To configure the slices for the convolution, an index array has to be passed for input, kernel and output tensor. The dimension of H is indicated with -1 and W with -2.
Example: [1, 5, -1, -2] -> Perform a 2D convolution on the last two dimensions. The other two dimensions have indices 1 and 5.

The output dimensions of the height and width are given as:

\[ H_{out} = floor \left( \frac{H_{in} + P_{h,top} + P_{h,bottom} - D_h \times (H_{kernel} - 1) - 1}{S_h} \right) + 1 \]

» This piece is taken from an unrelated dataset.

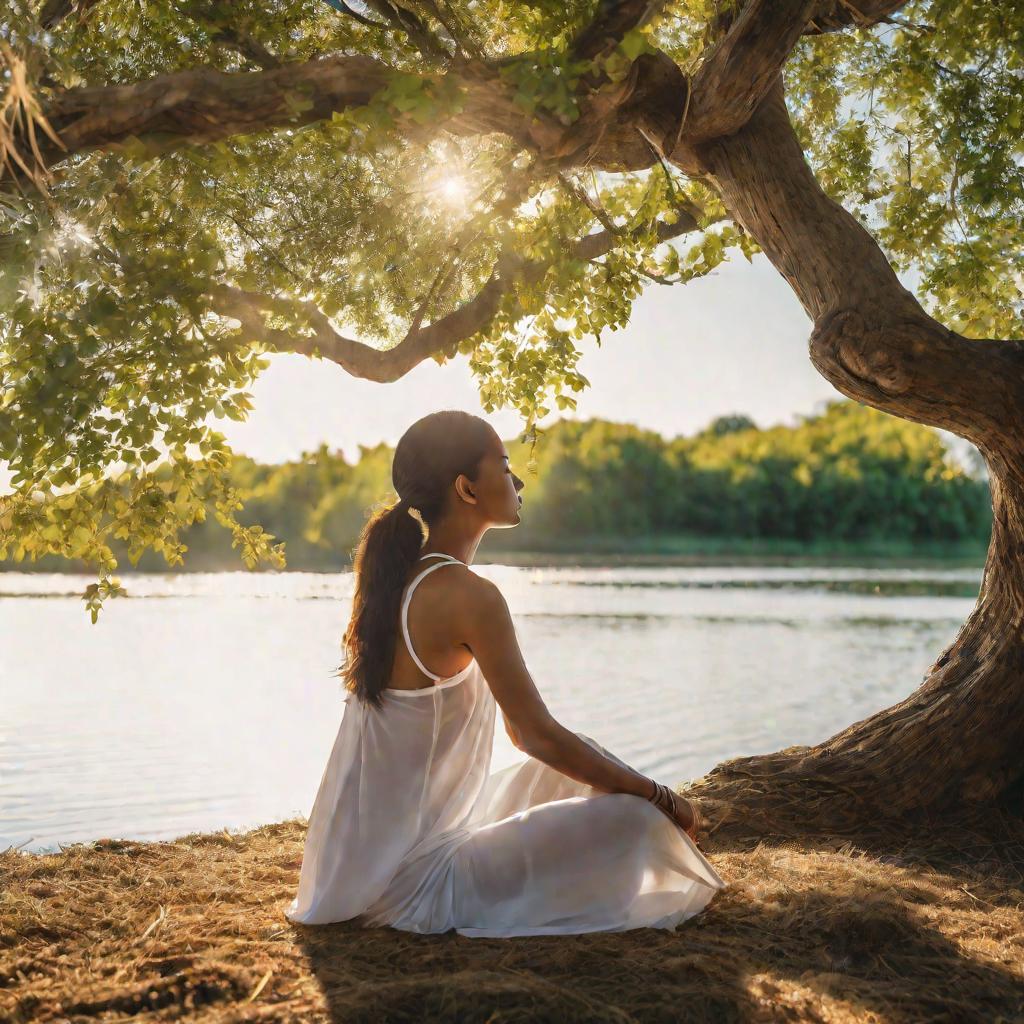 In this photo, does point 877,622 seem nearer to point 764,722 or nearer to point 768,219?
point 764,722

\[ W_{out} = floor \left( \frac{W_{in} + P_{w,left} + P_{w,right} - D_w \times (W_{kernel} - 1) - 1}{S_w} \right) + 1 \]

Parameters

input	Input tensor (4D)
stride	Stride in the direction of height and width
dilation	Dilation of the kernel tensor in the direction of height and width
padding	Asymmetric zero padding in the direction of height and width \( [[P_{h,top},P_{h,bottom}],[P_{w,left},P_{w,right}]] \)
kernel	Kernel / Weights tensor (4D)
bias	Optional bias tensor (1D; set to null if not in use)
rotated_kernel	Determines whether or not to rotate the kernel by 180°; default is TRUE (1)
input_use_dims	Indices for the 2D slice of the input tensor (-1 for the height dimension and -2 for the width dimension)
output_use_dims	Indices for the 2D slice of the output tensor (-1 for the height dimension and -2 for the width dimension)
kernel_use_dims	Indices for the 2D slice of the kernel tensor (-1 for the height dimension and -2 for the width dimension)
output	Output tensor to add the result to (4D)

◆ aimath_f32_default_conv2d_bwd()

void aimath_f32_default_conv2d_bwd	(	const aitensor_t *	x_in,
		const uint16_t	stride[2],
		const uint16_t	dilation[2],
		const uint16_t	padding[2],
		const aitensor_t *	delta_out,
		int8_t	channel_axis,
		void *	work_space,
		aitensor_t *	d_weights
	)

Calculates the gradients of the Conv2D layer with respect to the weights in F32 data type.

Calculates the gradients with respect to the weights \( \partial w = \mathrm{d} L / \mathrm{d} w \).

\[ \partial w = x_{in} \ast delta_{out} \]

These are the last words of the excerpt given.